**Input for this task**
"""

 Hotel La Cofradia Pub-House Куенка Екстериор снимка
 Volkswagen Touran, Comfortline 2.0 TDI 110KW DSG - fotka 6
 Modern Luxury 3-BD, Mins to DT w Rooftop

"""
"""

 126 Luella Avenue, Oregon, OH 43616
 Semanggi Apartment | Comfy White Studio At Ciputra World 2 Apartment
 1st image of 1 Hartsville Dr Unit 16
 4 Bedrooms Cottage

"""

**Aim of the task**
In the listing above, the lines from the one containing "Hotel La Cofradia" through the one containing "Modern Luxury 3-BD, Mins to DT w Rooftop" must be set down exactly, with no other lines.

**Answer for the task**
 Hotel La Cofradia Pub-House Куенка Екстериор снимка
 Volkswagen Touran, Comfortline 2.0 TDI 110KW DSG - fotka 6
 Modern Luxury 3-BD, Mins to DT w Rooftop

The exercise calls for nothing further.